JP2000041661A - Breeding of yeast with increased fermentation rate - Google Patents

Abstract

PROBLEM TO BE SOLVED: To efficiently produce an alcoholic beverage of high alcohol content in a short period by breeding a yeast that have an increased fermentation rate through the treatment of a yeast in Saccharomyces cerevisiae under specific conditions. SOLUTION: A yeast in Saccharomyces cerevisiae is mutated or not mutated, then, a selection culture medium containing at least one sesquiterpene antibiotics selected from trichothecin, roridin A, verrucarin A or the like and anisomycin is used to select and isolate an multidrug-resistant yeasts. In addition, yeasts that causes no foam and has an increased fermentation rate are selected from the multidrug-resistance yeasts and a Sake yeast causing no foam with increased fermentation rate is bred to obtain, for example, Saccharomyces cerevisiae Ana 10 (FERM P-16888). In a preferred embodiment, this Sake yeast is used to brew Japanese Sake beverage.

Description

DETAILED DESCRIPTION OF THE INVENTION

[0001]

The present invention relates to breeding of yeast, and more particularly to breeding of yeast having an increased fermentation rate. Furthermore, the present invention also relates to the breeding of sake yeast, which, especially with respect to sake yeast, has an increased fermentation rate and also has a non-foaming property. In addition, the present invention also aims to shorten the production period of alcoholic beverages, increase the amount of alcohol production, omit the defoaming step, etc. For efficient manufacturing processes.

[0002]

2. Description of the Related Art There have been breeding examples for the purpose of isolating yeast with an increased fermentation rate. However, since it is necessary to isolate a relatively fast-growing yeast, separation conditions must be set. However, at present, a satisfactory breeding method that can quickly and reliably select a target yeast has not yet been established.

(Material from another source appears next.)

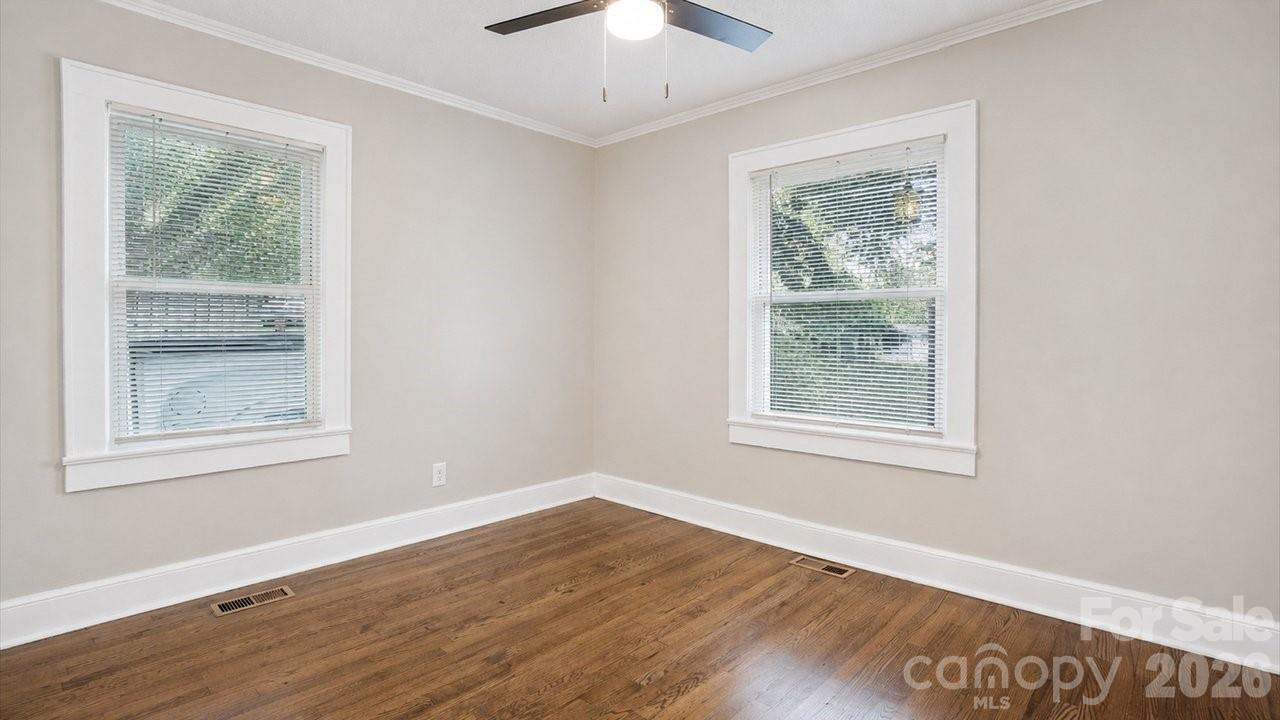 1476 Hickory Avenue Property Photo 16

[0003] On the other hand, anisomycins are known to be useful as antibiotics, but they have been successfully used in the selection medium of production yeast with an increased fermentation rate and have successfully produced brewed satisfactorily. No such example has been reported so far.

[0004]

SUMMARY OF THE INVENTION In brewing sake,
Obtaining more alcohol in a shorter period of time is a more important task than before.

[0005]

SUMMARY OF THE INVENTION As described above, the present invention has been made to achieve the acquisition of more alcohol in a shorter period of time than in the past.

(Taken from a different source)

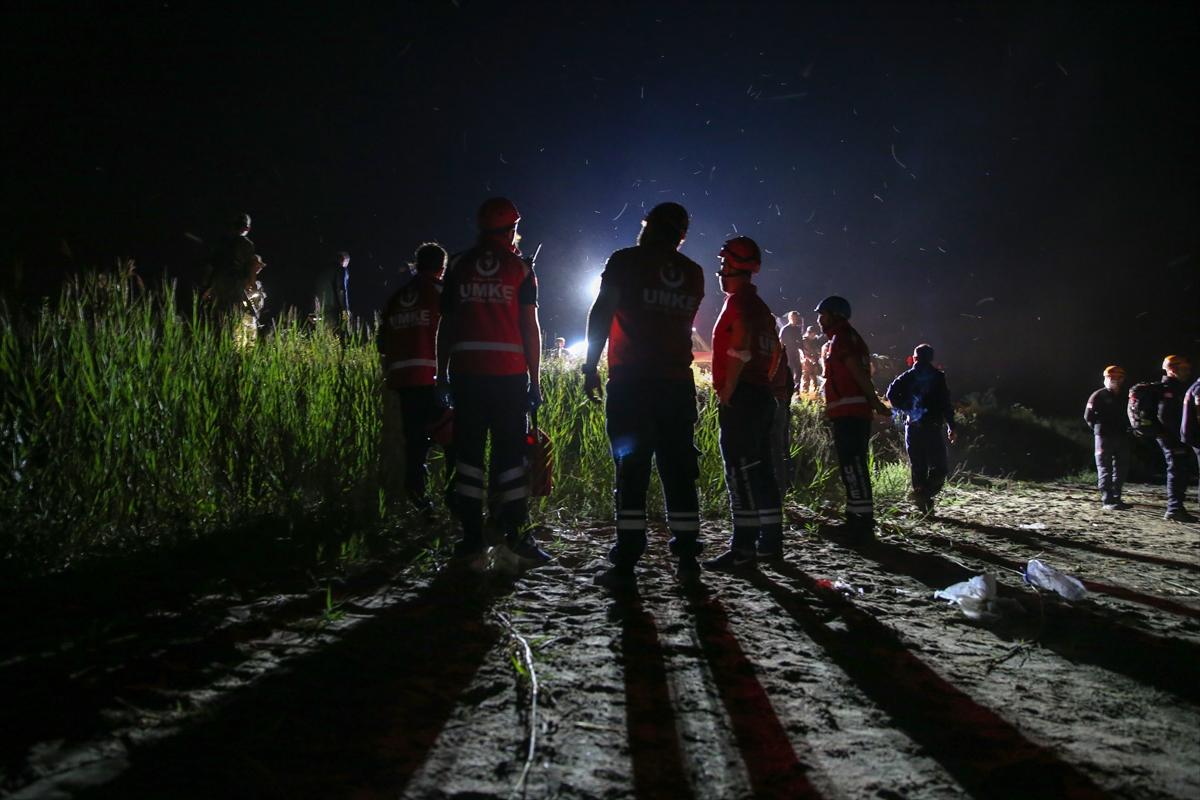 Van'da keşif uçağı düştü: 7 polis şehit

Therefore, the inventors aimed to increase the amount of alcohol obtained in a shorter period of time, and set a new technical problem of breeding a production yeast with an increased fermentation rate in order to achieve the purpose. did. That is, the present inventors have aimed at the isolation and breeding of yeast with a newly increased fermentation rate from brewer's yeast, and as a result of the experiment, the fermentation rate has been reduced compared to conventional yeast using a selective medium. The present inventors have developed a method for isolating the increased yeast, and have succeeded in breeding Saccharomyces cerevisiae by this method.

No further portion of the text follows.